Le pont Vasco de Gama qui enjambe l’estuaire du Tage à Lisbonne a été construit dans la perspective d’une durée de vie contractuelle de 120 ans. En 1995, le maître d’œuvre, Novaponte dont la Société Campenon-Bernard était le leader, devait donc assumer, pour cet ouvrage, une pérennité difficilement compatible avec les possibilités de prédiction de l’époque.

 

carte Réalisé pour l’Exposition Universelle de 1998, le pont Vasco de Gama devait résoudre les problèmes de trafic de l’ancien « Pont du 25 avril » et permettre la continuité de l’axe routier nord-sud du Portugal.

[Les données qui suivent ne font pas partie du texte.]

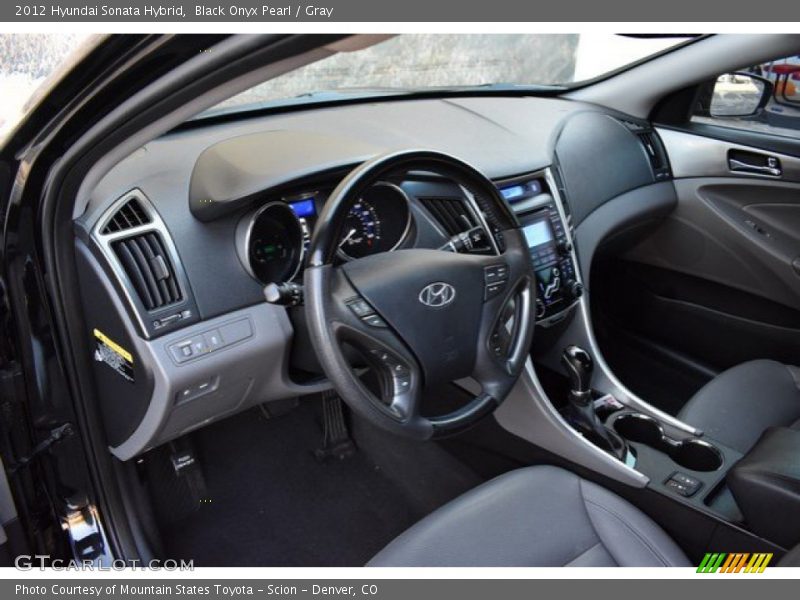 Black Onyx Pearl / Gray 2012 Hyundai Sonata Hybrid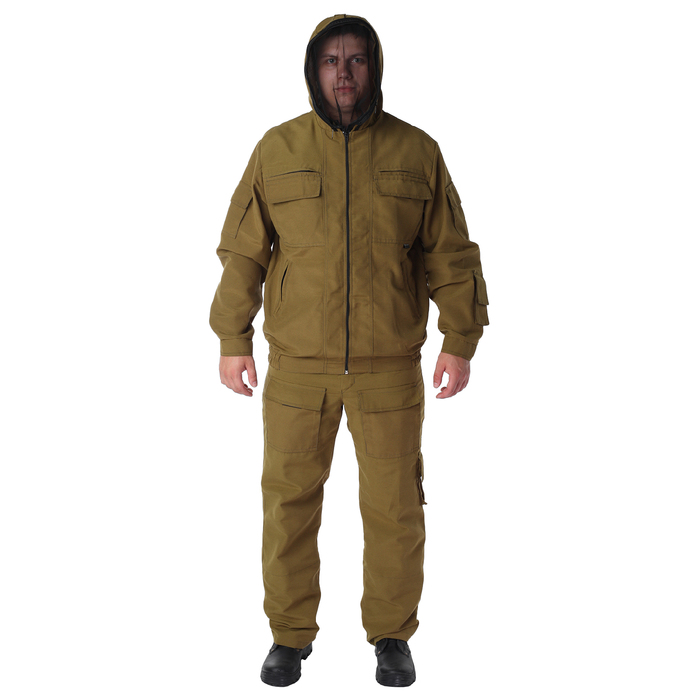 Костюм летний «Тайга ЭКО», размер/рост 56/182-188, цвет хаки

Pour faire face à cette difficulté, Novaponte, s’est engagé dans une démarche alors innovante d’essais et de contrôles effectués avant et pendant la construction. Cette démarche a été initiée par Michel Salomon et poursuivie par le Lerm. Il s’agissait d’appliquer directement les méthodes du laboratoires aux besoins du chantier en faisant appel notamment aux connaissances fines en matière de durabilité et à une modélisation du transfert des ions chlorures (voir notre article sur ce sujet) dans le béton que le Lerm développera pour la circonstance.

L’ouvrage

Le pont Vasco de Gama est un ouvrage exceptionnel, long de plus de 16 km et large de 30 m. Construit en partie sur terre et en partie sur l’estuaire du Tage, il est composé de 4 viaducs, d’un pont à haubans ainsi que d’un ensemble de voies d’accès. Les travaux commencèrent en 1995 et l’ouverture au trafic eut lieu le 1er avril 1998.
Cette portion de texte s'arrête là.